▶ Exercise data

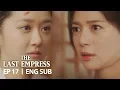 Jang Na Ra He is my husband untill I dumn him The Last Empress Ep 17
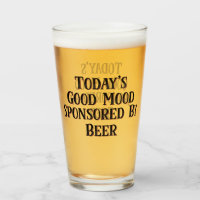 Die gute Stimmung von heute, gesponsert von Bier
...
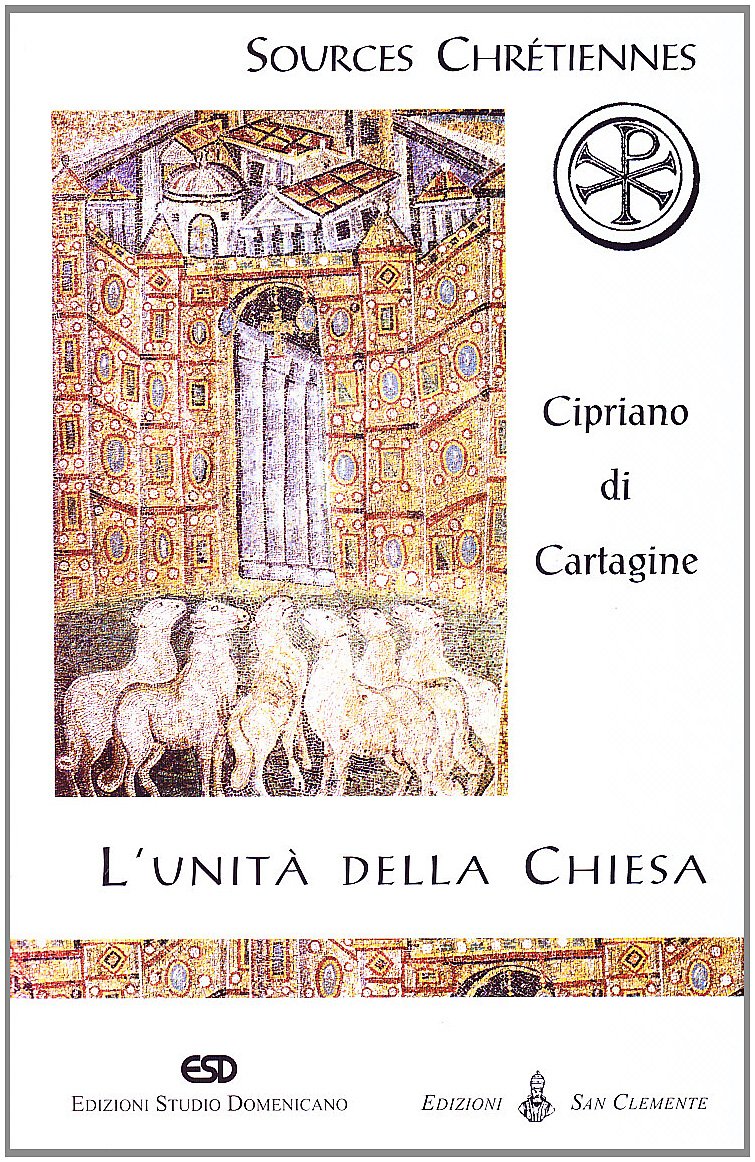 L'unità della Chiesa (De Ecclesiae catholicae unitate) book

▶ Assignment
Would you output the lines above from the line holding "Jang Na Ra He" up to and including the line holding "Die gute Stimmung", exactly and only those, with no pictures?

▶ The completed task
 Jang Na Ra He is my husband untill I dumn him The Last Empress Ep 17
 Die gute Stimmung von heute, gesponsert von Bier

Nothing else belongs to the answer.